Crawled caption data:
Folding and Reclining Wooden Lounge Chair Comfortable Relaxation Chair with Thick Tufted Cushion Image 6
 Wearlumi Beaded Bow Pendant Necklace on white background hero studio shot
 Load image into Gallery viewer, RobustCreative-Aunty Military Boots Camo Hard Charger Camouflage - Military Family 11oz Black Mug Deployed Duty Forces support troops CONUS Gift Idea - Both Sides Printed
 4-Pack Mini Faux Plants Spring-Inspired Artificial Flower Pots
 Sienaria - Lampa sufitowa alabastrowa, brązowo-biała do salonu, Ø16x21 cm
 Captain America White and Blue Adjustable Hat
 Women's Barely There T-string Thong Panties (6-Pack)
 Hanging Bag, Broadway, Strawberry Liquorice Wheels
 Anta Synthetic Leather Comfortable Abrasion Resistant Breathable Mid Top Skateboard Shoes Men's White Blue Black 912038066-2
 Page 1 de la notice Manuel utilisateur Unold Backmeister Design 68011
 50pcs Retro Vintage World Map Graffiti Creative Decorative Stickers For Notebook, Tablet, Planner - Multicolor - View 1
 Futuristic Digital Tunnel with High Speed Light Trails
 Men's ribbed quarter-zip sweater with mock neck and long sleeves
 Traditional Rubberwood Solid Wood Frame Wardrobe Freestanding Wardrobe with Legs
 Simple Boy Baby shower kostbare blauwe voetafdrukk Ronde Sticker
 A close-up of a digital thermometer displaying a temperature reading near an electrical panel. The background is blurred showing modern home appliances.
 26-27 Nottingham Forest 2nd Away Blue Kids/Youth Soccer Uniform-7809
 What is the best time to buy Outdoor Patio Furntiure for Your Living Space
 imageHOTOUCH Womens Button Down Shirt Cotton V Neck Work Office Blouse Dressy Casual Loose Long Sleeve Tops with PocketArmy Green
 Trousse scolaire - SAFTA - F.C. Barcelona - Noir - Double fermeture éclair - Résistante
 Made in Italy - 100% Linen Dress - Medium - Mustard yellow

WHAT THE TASK REQUIRES>
What is needed is an exact repetition of the lines from the first line of the records through the line containing "Wearlumi Beaded Bow", both ends included, and nothing more.

RESPONSE FOR THIS EXERCISE>
Folding and Reclining Wooden Lounge Chair Comfortable Relaxation Chair with Thick Tufted Cushion Image 6
 Wearlumi Beaded Bow Pendant Necklace on white background hero studio shot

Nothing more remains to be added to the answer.